Oui, je sais que les personnes désagréables de cette histoire peuvent encore me lire. Je ne suis pas naïve. Je les ai bloquées de mes réseaux pour ne pas avoir à leur voir la face dans mes affaires aussi vu qu’elles sont assez étranges et irréfléchies pour se montrer la face dans mes stories. Quand j’en ai parlé avec la dame compétente, sa réaction a été: « ish…. C’est vraiment intrusif! » Eh oui… c’est ce que je disais. Je me dis aussi que si elles me lisent, elles finiront peut-être par comprendre quelque chose même si je n’ai pas trop d’espoir. À la fin, elles m’auront au moins aidée à atteindre les 50 000 lectures de mon blogues et ça ca me donne de la visibilité.
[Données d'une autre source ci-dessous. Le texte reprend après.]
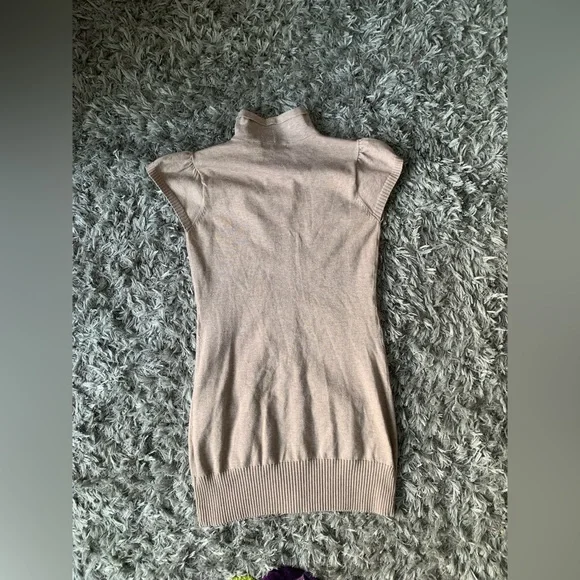 GUESS BUTTON UP DRESS - Picture 6 of 6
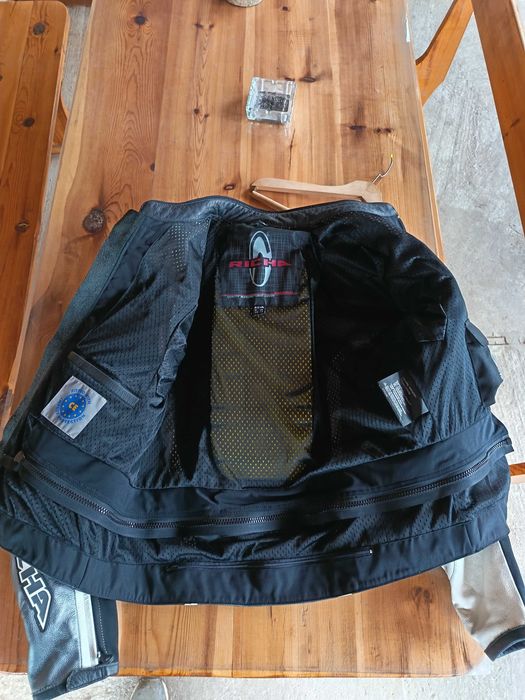 Мото яке Richa (естествена кожа)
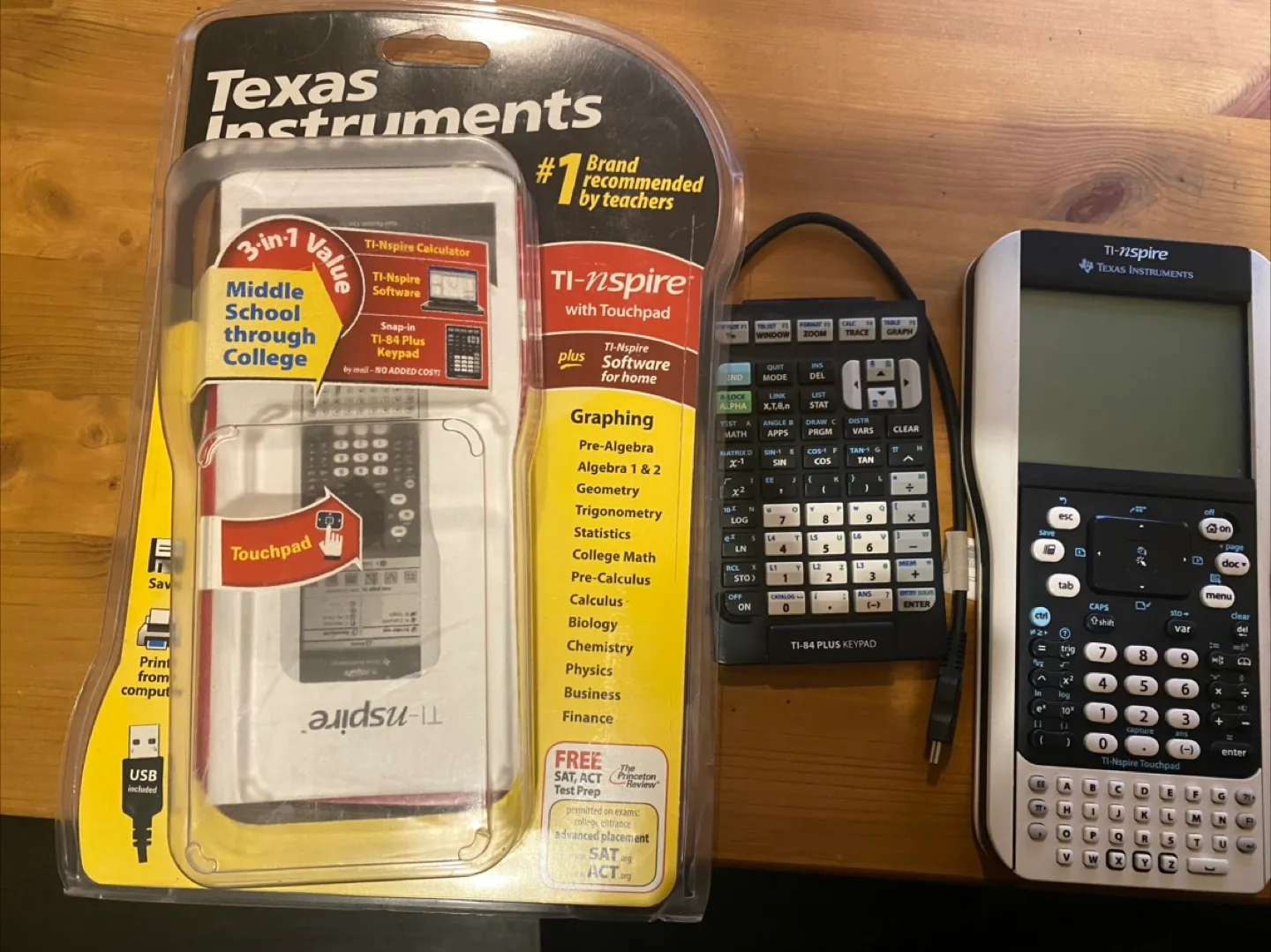 Texas Instruments TI-Nspire Calculator with TI-84 Plus keypad image indicator(2)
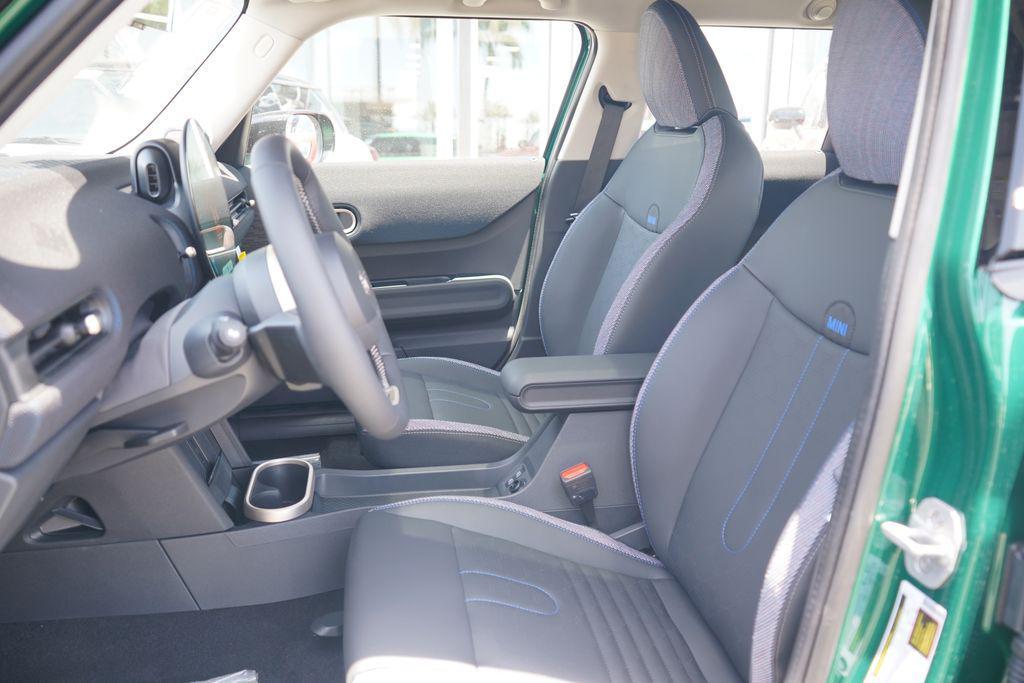 new 2025 MINI Hardtop car, priced at $35,225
Elles doivent chercher quelque chose pour me blesser ou me piéger, mais elles font juste m’aider. 🤷🏻♀️ Merci?
J’ai pensé aussi que ça pouvait être une sorte de vengeance pour le fait que j’avais fait échouer le projet de renvoi des précaires. Mais ce projet était dégueulasse et aurait nuit aux gens. J’avais conçu mon cours pour faire plaisir aux gens en pensant à ce dont je les entendais parler, ce qu’ils voulaient enseigner mais ne pouvaient pas à cause des limites des cours existants. Ça pouvait devenir un cours passion. Par exemple quelqu’un qui s’inquiète pour l’environnement aurait pu passer la session à parler et faire lire des essais et des fictions liés à cette question et à l’écoanxiété. Les personnes qui espèrent un cours complémentaire sur la littérature autochtone auraient pu le faire et même être plusieurs à le faire puisqu’il y a plusieurs groupes pour le quatrième cours alors que les cours complémentaires en ont juste un ou deux. Non seulement ça, mais ils auraient pu utiliser des livres de personnes autochtones d’ici et d’autres pays et… tout ça sans être continuellement empêtré dans autre chose de lourd comme les figures de style, les courants littéraires, la dissertation, l’épreuve uniforme ou les médias et la communication… bref: j’ai pensé aux autres et ils n’ont pas pensé à moi.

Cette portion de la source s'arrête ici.